In the special-regime block, one was allowed to write one letter a month. You would polish it and polish it—and still they would find “prohibited information,” “coded language in the text,” or simply—the letter was “suspicious in content.” And they would confiscate it. Or they would send the letter to Kyiv for translation, and then decide whether to send it on. They would suggest: “Write in Russian—it will get there faster.” But how can one write to one’s wife, mother, or child in a foreign language?
One could receive letters from anyone, but in reality, they only gave us some letters from relatives. In the final weeks of his life, Vasyl received a telegram from his wife about the birth of their grandson, Yaroslav (May 18, 1985).

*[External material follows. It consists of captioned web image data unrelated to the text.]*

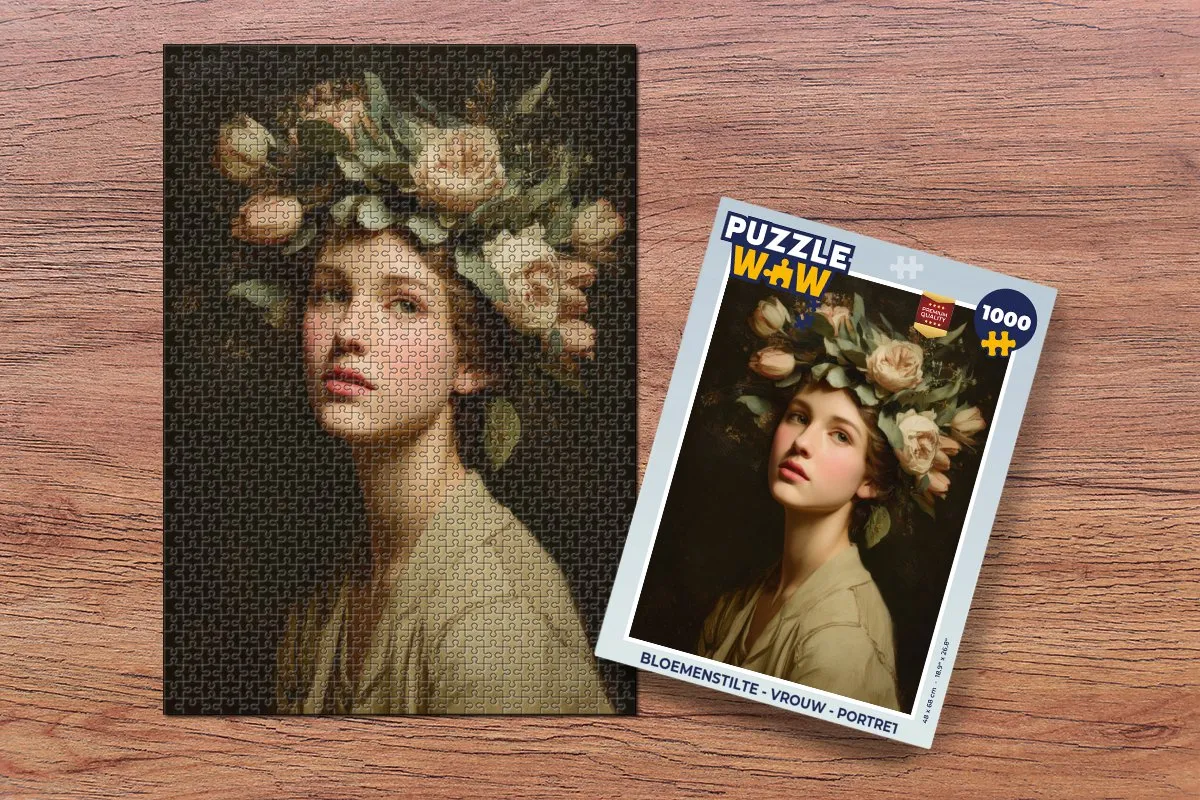 PuzzleWow Bloemenstilte Vrouw Portret Puzzel - 1000 Stuks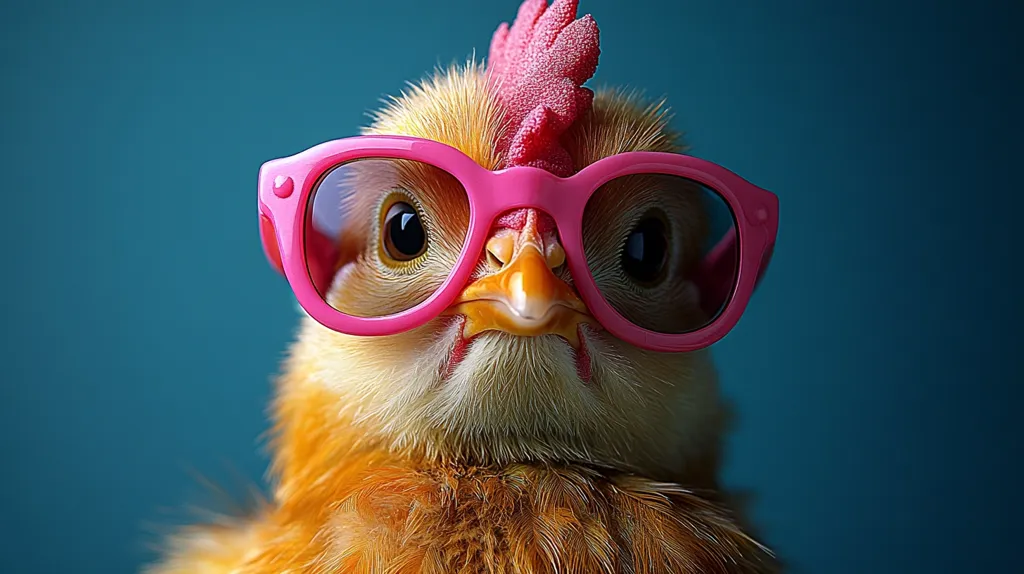 A close-up shot reveals a fluffy, light brown chick sporting oversized, bright pink sunglasses.  Its dark eyes peer out from behind the frames, and its small beak is slightly open. The chick's red comb is visible atop its head.  The background is a deep teal, providing a stark contrast to the chick's light plumage and vibrant accessories. The overall image is humorous and endearing.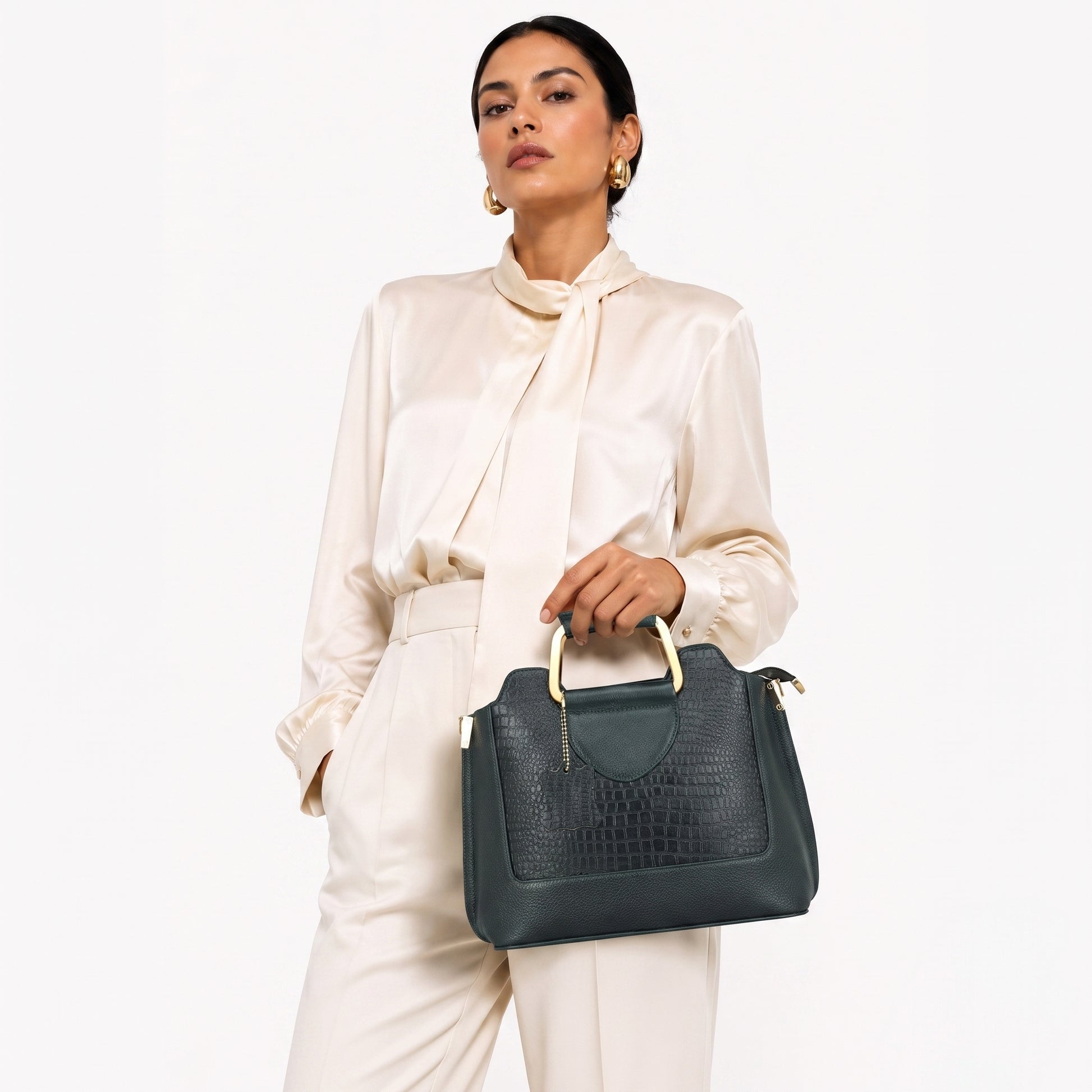 Corvia Croc Full Grain Leather Metal Top Handle Satchel hand Bag with Model  Gunmetal Green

Major Snyadovsky summoned Stus to his office, congratulated him, and read a part of the telegram, but did not hand it over: prohibited information. This greatly angered Stus.

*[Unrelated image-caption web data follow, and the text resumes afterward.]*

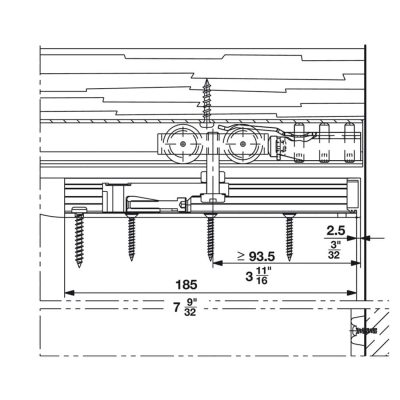 Hawa Junior 40/B carrier profile, running gear, stopper, track.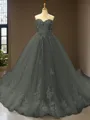 Cute Ball-Gown Princess Off-the-Shoulder Sleeveless Chapel Train Tulle Prom Dress With Applique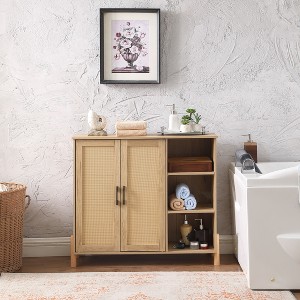 GDFStudio Riven Mid-Century Modern 35.4'' Storage Cabinet with Woven Rattan Doors, Open Shelves and Adjustable Shelves - 1 of 4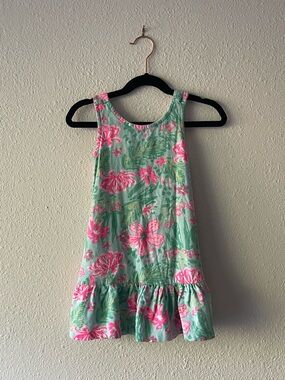 Tommy Bahama Girls XS 4 Tropical Floral Dress Pink Green Tie Back Ruffle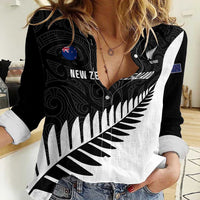Personalised New Zealand Silver Fern Rugby Women Casual Shirt All Black Go Champions Maori Pattern LT14 Female Black - Polynesian Pride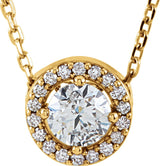 14K Gold Round Lab-Grown Diamond Halo-Style Necklace or Pendant – up to 1/4 CTW - Yellow Gold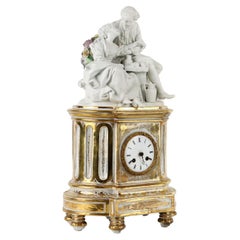 J. Petit Table Clock Porcelain France XIX Century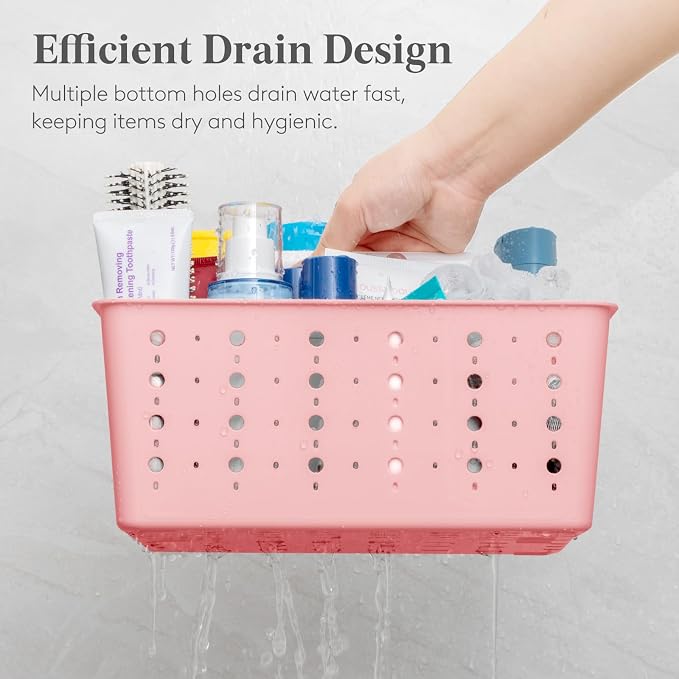 Lifewit Shower Caddy Portable, Cleaning Supplies Caddy Organizer with Handle and Adjustable Dividers, Plastic Shower Basket for Dorm Room Essentials, College, Bathroom, Pink, 1 Pack - Image 5
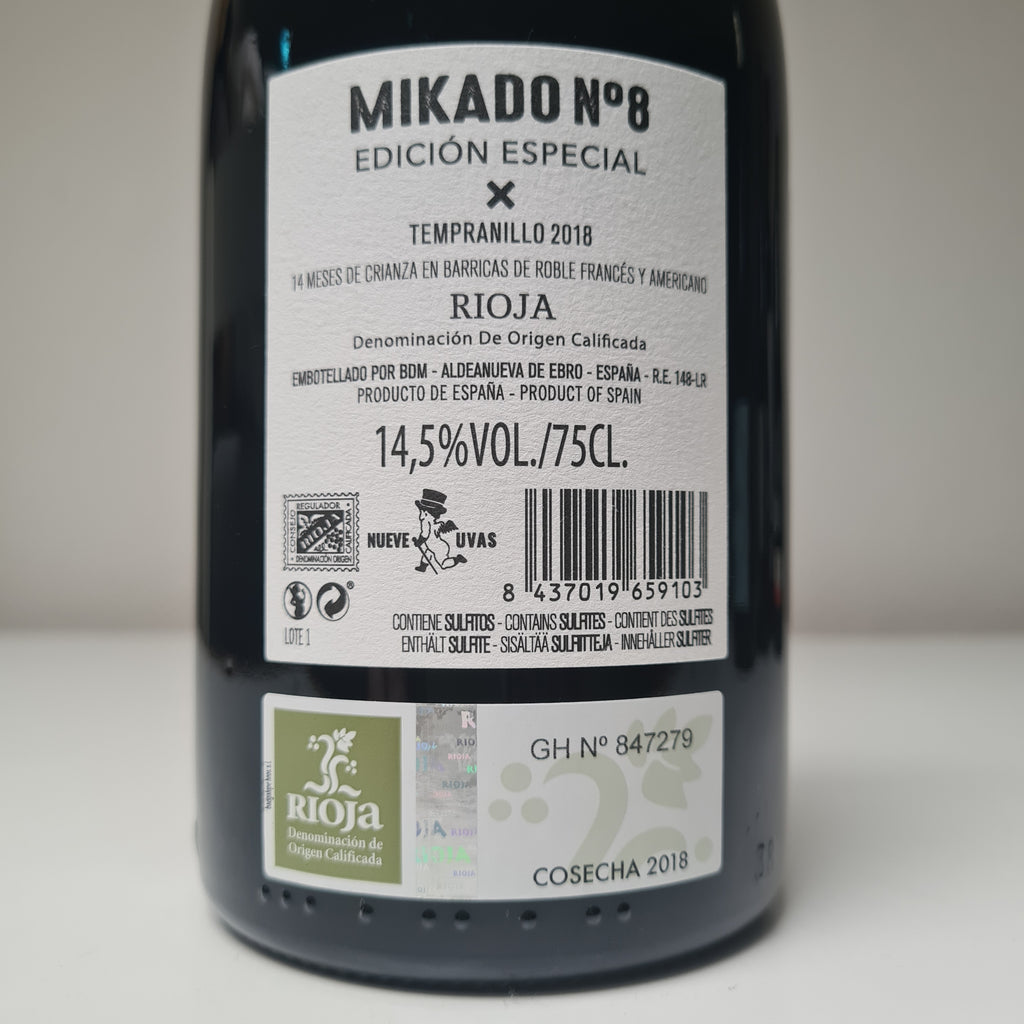 achterzijde Etiket Mikado nr 8 Rioja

Searches. They were conducted two or three times a month, but there were periods when a prisoner could be searched several times a day—just to humiliate him. One was allowed to keep 5 books, brochures, and journals, combined, in the cell. The rest—out to the storage room.
And everyone subscribes to journals and newspapers, and tries to work on something, even if it’s just learning a foreign language. For that you already need a dictionary and a textbook. But the regime is relentless: excess books are thrown out into the corridor.

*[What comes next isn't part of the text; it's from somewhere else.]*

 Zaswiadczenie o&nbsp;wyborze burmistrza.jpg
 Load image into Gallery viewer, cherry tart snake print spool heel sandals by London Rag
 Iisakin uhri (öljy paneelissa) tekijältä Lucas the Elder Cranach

We would take slips of paper with foreign words to work to study them (Stus was fluent in German and English, read in all Slavic languages, and was studying French with the help of the Estonian Mart Niklus). The slips of paper were taken away.
Mykhailo Horyn in his “home” cell No. 17. Photo by Vasyl Ovsienko
When they took you out to work, they would lead you into their “duty room”—and make you strip naked. They would feel every seam, look into every fold of your body. I can still hear his pained voice: “They handle you like a chicken...” Such a remark was enough to get you thrown into the punishment cell.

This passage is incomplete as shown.